D.  Small Business Debtors

Although the change in the Act has had some impact in how a small business Chapter 11 is conducted, it has not changed substantially the practice in Oregon. The increased duties of a small business debtor has somewhat negated the goal of a faster, cheaper case, particularly due to debtor reporting duties. However, the $2.19 million debt limit has reduced the number of small business debtors as most cases exceed that amount.


E.  Single Asset Real Estate

The elimination of the $4 million cap has not resulted in substantial increase in the number of single asset real estate cases ("SARE's"). Instead, SARE's have decreased because such debtors needing Chapter 11 normally own more than just a single asset as real estate. With recent events, there have been numerous developers Chapter 11 filings. Because real estate developers normally have many projects at the same time, they do not qualify as a single asset real estate case.

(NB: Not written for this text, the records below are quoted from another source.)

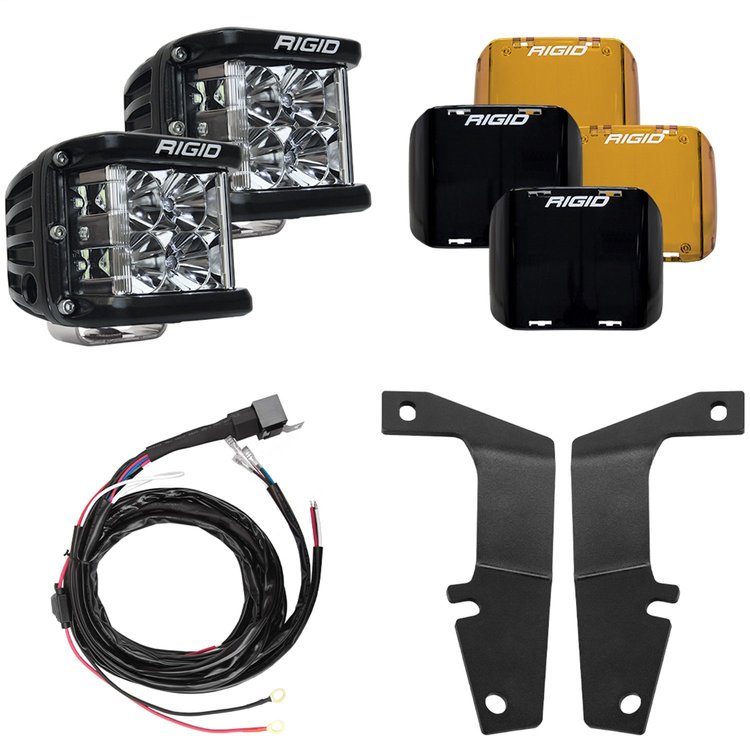 A-PILLAR LIGHT KIT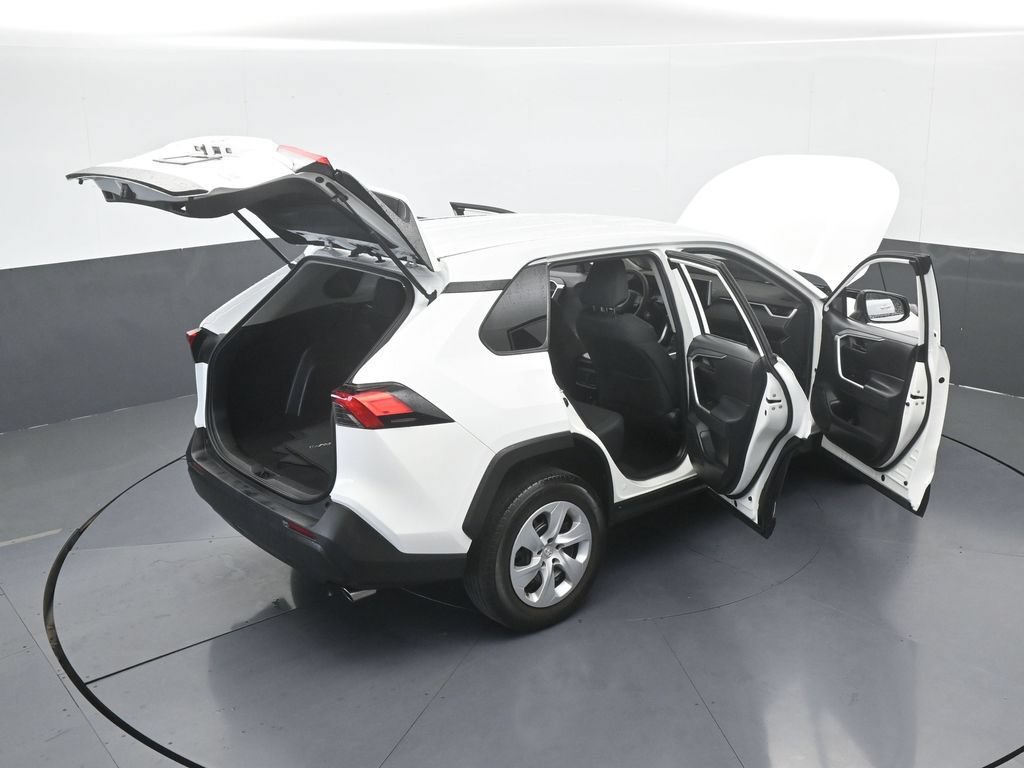 Used 2025 Toyota RAV4 LE AWD/4WD image 64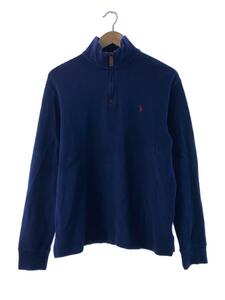 POLO RALPH LAUREN◆スウェット/-/コットン/NVY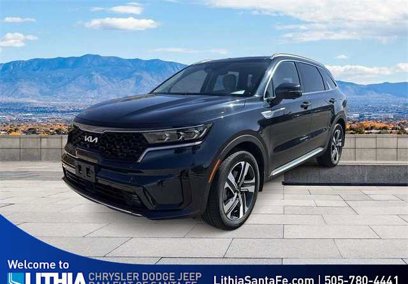 Used 2023 Kia Sorento SX Prestige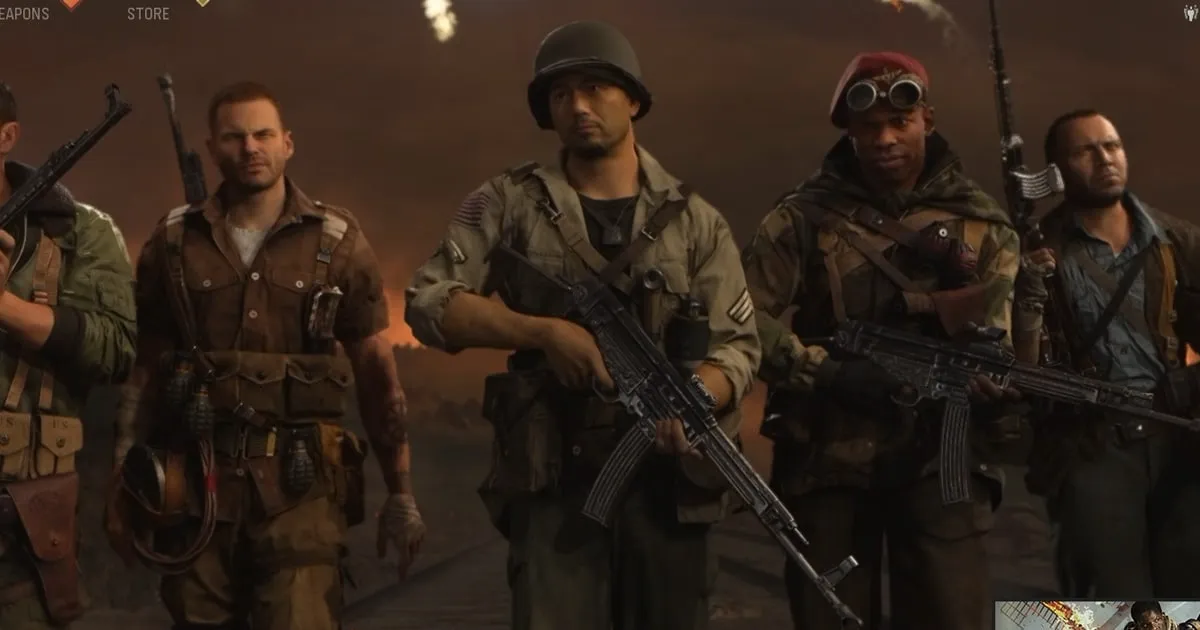 พรีวิวเกม Call of Duty: Vanguard มัลติเพลเยอร์ ความสนุกแบบเดิมที่พัฒนามากขึ้น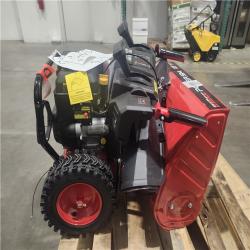 Dallas Location - As-Is  PowerSmart 24 in. 212cc 2-Stage Gas Snow Blower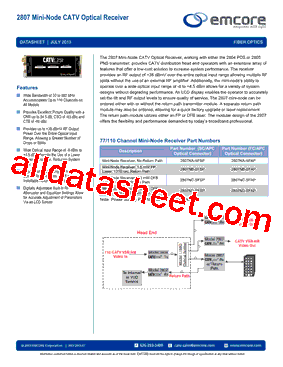 2807ND-SFAP型号图片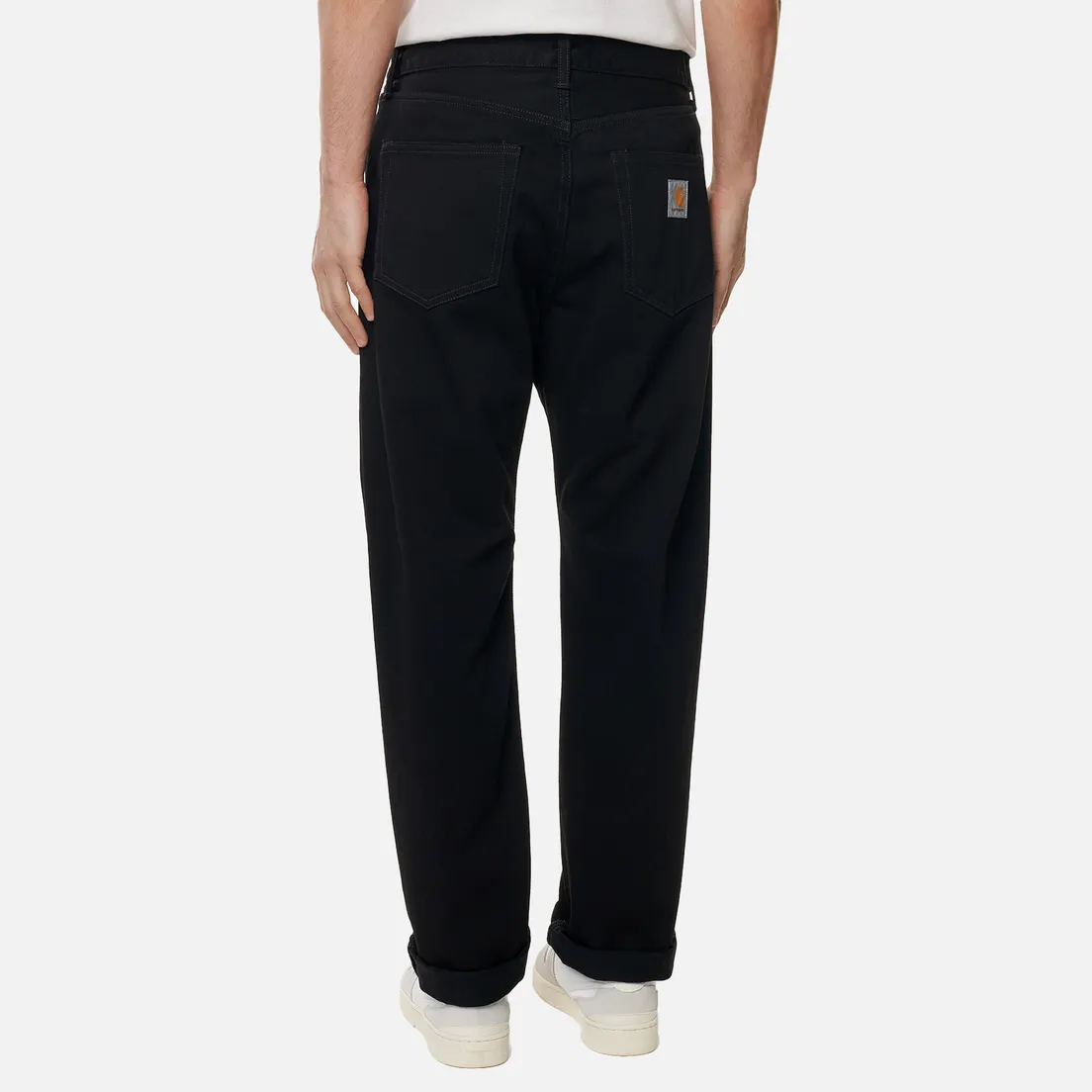 Carhartt WIP Мужские джинсы Pontiac 13.5 Oz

F.  Chapter 11 Plan Issues

The shortening of the period of exclusivity thus far has not significantly impacted Oregon practice. Prior to the Act, many debtors were able to file a plan within the 120-day time frame. When extensions were granted for cause, the U.S. Trustee and the Judge still pushed debtors to file their plan. Presently, in most cases that are capable of being reorganized a plan is filed timely. Exclusivity is of great value in big cases but is not as significant in a liquidating plan or a sale case (such as where a sale takes place under section 363). The two are the most frequent scenarios in this district. Changes in the Act for individual Chapter 11s have been controversial and have yet proved to be very useful. The changes increased the litigiousness of individual Chapter 11 plans and thus adds to the expense and delay of such cases.


G.  Creditors Committees

The Act provides that a small creditor can join the committee if it holds claims of a kind represented by the committee. The desire of small creditors to serve has not been frequent. Except in a large case, the U.S. Trustee continues to have difficulty in forming committees (of any size) and getting creditors to serve on committees.

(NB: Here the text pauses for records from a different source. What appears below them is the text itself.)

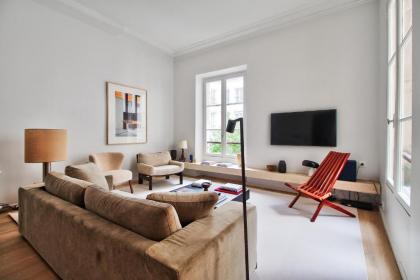 Modern Apt 3BDR/3BTH - Louvre Museum/Tuileries - image 20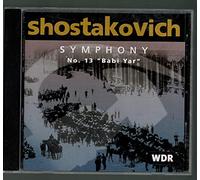 Not Found - Shostakovich: Symphony No. Babi Yar"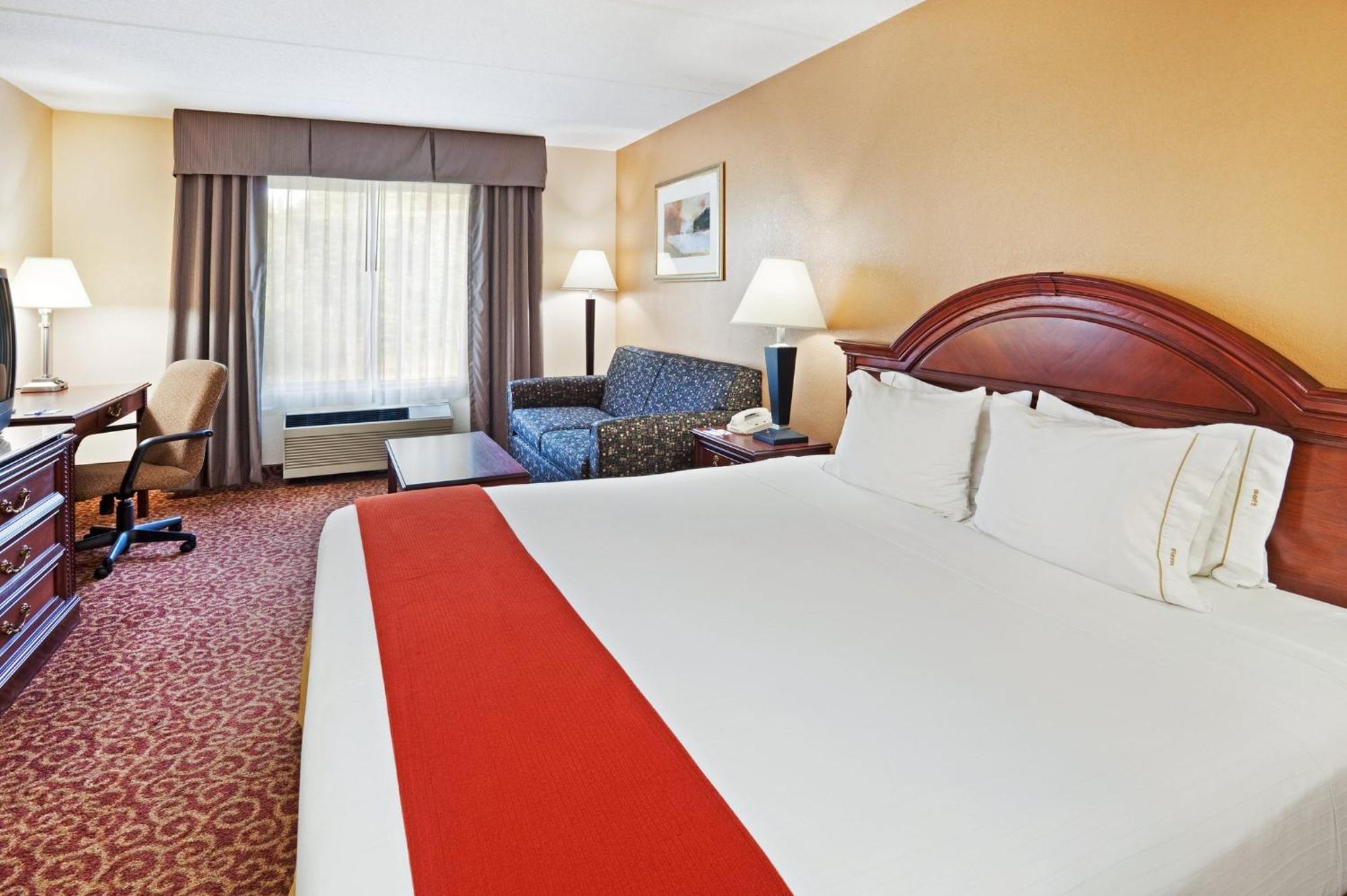 Holiday Inn Express & Suites Kings Mountain - Shelby Area By Ihg Екстер'єр фото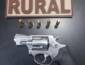 Polícia Militar prende homem por ameaçar vizinho com revólver na zona rural de Cuiabá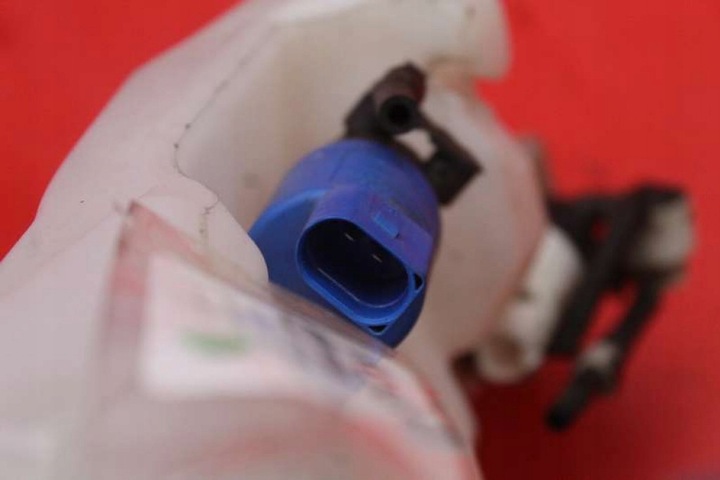 фото №6, Бачок омывателя hk83-17b613-a jaguar f-pace x761 2.0 d 180km 16-20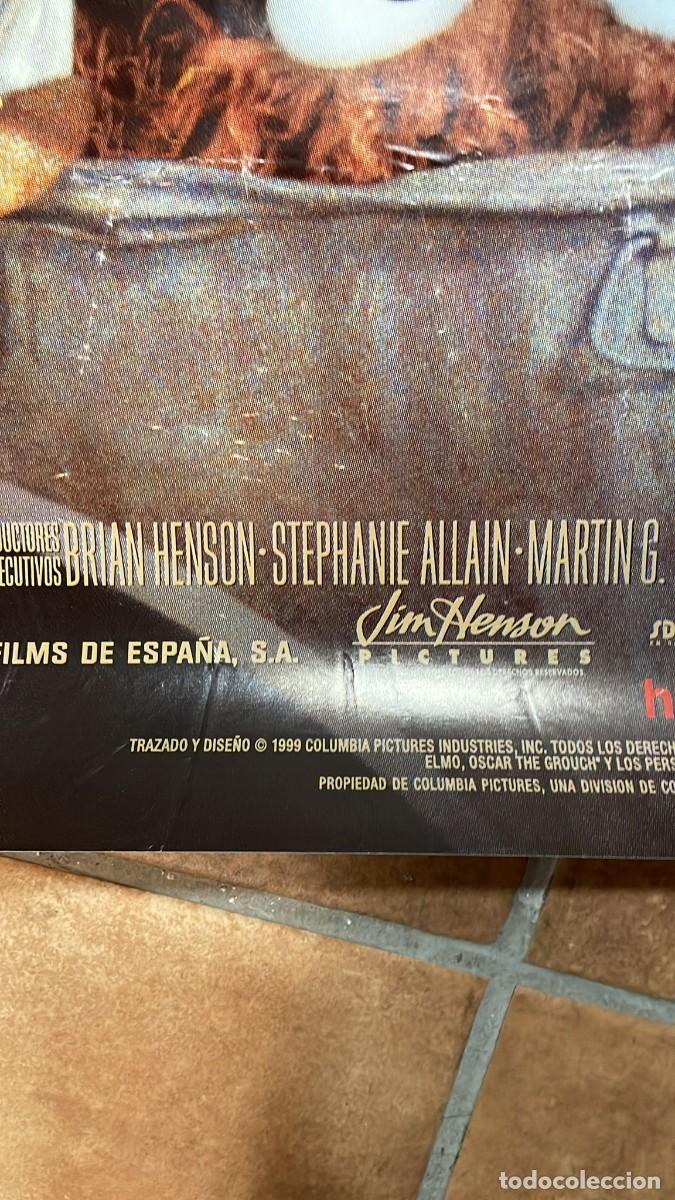 Cine: ELMO POSTER ORIGINAL - Foto 2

H.  Conversion or Dismissal

This Act provided substantial greater powers to convert or dismiss Chapter 11 cases. As a result, the U.S. Trustee has filed such motions more frequently. Thus far, individual creditors have not frequently utilized the provision of the Act in seeking that remedy.


I.  Other

In general, the business provisions of the Act to date have not significantly affected Chapter 11 practice in Oregon. To the extent it has, its net effect has been to add financial burdens on the debtor in Chapter 11. The Act has generally made it more difficult for debtors to effectively undertake Chapter 11 relief. To date, the main beneficiaries of the Act have been secured lenders and landlords.